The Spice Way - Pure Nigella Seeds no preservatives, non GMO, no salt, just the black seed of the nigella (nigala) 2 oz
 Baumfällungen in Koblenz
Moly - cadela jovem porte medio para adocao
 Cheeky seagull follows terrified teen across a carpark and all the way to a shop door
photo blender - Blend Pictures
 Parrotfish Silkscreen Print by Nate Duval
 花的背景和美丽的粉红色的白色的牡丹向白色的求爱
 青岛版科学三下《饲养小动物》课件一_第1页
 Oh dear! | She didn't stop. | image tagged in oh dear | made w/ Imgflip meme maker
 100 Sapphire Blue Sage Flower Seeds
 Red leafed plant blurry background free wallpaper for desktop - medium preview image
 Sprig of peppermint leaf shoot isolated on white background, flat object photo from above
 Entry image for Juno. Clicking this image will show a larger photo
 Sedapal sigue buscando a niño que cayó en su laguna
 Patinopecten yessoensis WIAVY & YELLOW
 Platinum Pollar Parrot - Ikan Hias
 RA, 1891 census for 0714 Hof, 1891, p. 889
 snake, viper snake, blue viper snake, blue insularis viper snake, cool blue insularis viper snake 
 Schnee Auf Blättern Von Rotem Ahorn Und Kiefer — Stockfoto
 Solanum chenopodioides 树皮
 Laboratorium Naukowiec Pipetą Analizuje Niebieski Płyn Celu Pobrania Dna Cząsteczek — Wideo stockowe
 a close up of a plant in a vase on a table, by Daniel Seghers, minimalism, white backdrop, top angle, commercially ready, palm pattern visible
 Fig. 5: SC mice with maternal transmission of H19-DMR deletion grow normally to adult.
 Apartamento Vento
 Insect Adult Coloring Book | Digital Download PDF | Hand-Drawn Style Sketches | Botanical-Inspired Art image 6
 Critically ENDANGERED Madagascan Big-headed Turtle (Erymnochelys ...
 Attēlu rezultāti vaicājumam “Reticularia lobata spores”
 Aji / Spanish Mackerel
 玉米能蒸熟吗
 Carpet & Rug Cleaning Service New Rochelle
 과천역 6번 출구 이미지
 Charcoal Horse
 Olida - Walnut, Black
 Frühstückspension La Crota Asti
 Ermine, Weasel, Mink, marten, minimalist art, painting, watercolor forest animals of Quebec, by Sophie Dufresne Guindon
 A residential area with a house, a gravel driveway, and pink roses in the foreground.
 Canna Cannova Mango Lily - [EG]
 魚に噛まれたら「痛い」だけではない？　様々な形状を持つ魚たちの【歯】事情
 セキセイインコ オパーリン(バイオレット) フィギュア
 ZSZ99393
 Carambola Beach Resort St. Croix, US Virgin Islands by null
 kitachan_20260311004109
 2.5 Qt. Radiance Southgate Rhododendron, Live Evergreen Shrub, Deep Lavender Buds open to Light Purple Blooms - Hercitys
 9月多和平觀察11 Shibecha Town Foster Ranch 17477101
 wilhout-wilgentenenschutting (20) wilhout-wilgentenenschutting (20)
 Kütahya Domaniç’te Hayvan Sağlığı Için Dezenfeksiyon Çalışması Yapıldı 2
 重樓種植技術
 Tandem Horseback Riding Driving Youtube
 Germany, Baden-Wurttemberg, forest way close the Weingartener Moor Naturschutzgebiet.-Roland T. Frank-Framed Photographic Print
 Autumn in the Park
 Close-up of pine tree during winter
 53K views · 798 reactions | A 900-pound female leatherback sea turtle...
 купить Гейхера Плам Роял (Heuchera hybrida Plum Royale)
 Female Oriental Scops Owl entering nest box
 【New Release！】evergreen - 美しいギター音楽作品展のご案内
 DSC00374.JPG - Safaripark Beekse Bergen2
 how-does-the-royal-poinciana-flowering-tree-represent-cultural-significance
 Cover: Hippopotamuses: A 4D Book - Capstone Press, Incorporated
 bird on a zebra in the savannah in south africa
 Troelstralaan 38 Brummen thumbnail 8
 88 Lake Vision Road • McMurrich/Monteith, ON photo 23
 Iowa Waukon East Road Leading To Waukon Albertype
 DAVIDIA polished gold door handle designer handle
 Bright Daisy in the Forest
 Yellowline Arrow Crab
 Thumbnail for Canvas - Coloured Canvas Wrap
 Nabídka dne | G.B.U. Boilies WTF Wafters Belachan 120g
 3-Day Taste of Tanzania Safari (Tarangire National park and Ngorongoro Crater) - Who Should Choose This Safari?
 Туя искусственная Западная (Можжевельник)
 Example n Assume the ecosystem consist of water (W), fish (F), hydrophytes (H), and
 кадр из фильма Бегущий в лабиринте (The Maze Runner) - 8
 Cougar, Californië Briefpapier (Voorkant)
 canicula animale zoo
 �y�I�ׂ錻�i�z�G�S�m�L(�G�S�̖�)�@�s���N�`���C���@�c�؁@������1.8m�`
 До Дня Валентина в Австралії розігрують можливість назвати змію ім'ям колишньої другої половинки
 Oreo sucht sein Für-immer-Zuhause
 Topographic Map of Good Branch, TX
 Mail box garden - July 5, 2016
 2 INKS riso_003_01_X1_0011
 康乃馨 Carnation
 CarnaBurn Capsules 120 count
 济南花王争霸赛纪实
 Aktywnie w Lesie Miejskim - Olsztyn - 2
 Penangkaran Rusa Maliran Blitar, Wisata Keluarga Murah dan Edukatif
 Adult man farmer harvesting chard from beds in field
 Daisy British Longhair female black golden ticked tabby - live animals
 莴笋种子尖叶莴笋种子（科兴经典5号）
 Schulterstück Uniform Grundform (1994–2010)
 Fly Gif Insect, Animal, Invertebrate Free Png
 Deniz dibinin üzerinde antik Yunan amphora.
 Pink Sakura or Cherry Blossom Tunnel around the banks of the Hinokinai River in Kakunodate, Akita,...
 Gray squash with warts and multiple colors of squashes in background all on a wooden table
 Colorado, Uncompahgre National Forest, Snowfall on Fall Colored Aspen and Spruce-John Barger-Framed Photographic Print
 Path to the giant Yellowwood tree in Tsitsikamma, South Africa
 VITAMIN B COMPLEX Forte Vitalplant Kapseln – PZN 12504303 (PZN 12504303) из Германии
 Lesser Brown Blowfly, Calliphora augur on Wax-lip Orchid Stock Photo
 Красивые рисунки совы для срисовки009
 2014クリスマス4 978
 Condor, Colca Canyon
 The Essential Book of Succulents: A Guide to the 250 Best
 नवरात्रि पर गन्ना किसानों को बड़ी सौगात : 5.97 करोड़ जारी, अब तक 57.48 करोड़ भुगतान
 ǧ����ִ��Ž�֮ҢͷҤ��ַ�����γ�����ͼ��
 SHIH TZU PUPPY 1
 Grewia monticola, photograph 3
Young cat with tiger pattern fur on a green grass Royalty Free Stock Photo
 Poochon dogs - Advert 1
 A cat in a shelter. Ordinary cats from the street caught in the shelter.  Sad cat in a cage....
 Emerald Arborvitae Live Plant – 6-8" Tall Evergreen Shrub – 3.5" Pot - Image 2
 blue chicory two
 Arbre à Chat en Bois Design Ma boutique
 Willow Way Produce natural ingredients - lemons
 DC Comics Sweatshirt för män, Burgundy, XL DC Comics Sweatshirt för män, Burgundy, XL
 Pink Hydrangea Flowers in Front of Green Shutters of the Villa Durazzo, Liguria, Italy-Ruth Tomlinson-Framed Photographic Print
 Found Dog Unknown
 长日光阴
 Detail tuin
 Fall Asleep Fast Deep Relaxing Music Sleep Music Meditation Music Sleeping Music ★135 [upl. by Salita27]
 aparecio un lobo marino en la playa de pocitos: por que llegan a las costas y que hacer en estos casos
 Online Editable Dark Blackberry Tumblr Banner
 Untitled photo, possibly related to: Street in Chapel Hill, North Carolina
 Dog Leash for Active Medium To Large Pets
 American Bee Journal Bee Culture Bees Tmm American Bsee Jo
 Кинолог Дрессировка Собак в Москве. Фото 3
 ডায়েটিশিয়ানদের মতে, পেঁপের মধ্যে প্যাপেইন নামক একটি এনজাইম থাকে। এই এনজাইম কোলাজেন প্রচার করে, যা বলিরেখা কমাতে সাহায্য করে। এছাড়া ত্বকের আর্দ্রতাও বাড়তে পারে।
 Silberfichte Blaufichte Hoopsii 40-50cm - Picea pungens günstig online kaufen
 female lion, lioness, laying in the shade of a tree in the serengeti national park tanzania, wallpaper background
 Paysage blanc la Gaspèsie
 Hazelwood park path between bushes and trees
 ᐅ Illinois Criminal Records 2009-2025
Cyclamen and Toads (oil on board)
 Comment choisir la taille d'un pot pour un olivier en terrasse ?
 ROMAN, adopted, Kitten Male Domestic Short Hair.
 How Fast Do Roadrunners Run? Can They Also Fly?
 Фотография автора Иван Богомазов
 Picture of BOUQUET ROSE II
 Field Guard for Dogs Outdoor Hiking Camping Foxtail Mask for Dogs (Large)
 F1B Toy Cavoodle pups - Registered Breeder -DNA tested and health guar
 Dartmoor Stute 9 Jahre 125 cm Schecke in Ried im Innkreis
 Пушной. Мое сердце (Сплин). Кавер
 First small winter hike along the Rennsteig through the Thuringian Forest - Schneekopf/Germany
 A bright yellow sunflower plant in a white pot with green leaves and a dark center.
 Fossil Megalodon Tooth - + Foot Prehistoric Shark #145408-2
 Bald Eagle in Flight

YOUR OBJECTIVE: Look back at the data above. Transcribe exactly the lines starting at the line that contains "Schulterstück Uniform Grundform (1994–2010)" and ending at the line that contains "Lesser Brown Blowfly, Calliphora".

TASK RESPONSE:
 Schulterstück Uniform Grundform (1994–2010)
 Fly Gif Insect, Animal, Invertebrate Free Png
 Deniz dibinin üzerinde antik Yunan amphora.
 Pink Sakura or Cherry Blossom Tunnel around the banks of the Hinokinai River in Kakunodate, Akita,...
 Gray squash with warts and multiple colors of squashes in background all on a wooden table
 Colorado, Uncompahgre National Forest, Snowfall on Fall Colored Aspen and Spruce-John Barger-Framed Photographic Print
 Path to the giant Yellowwood tree in Tsitsikamma, South Africa
 VITAMIN B COMPLEX Forte Vitalplant Kapseln – PZN 12504303 (PZN 12504303) из Германии
 Lesser Brown Blowfly, Calliphora augur on Wax-lip Orchid Stock Photo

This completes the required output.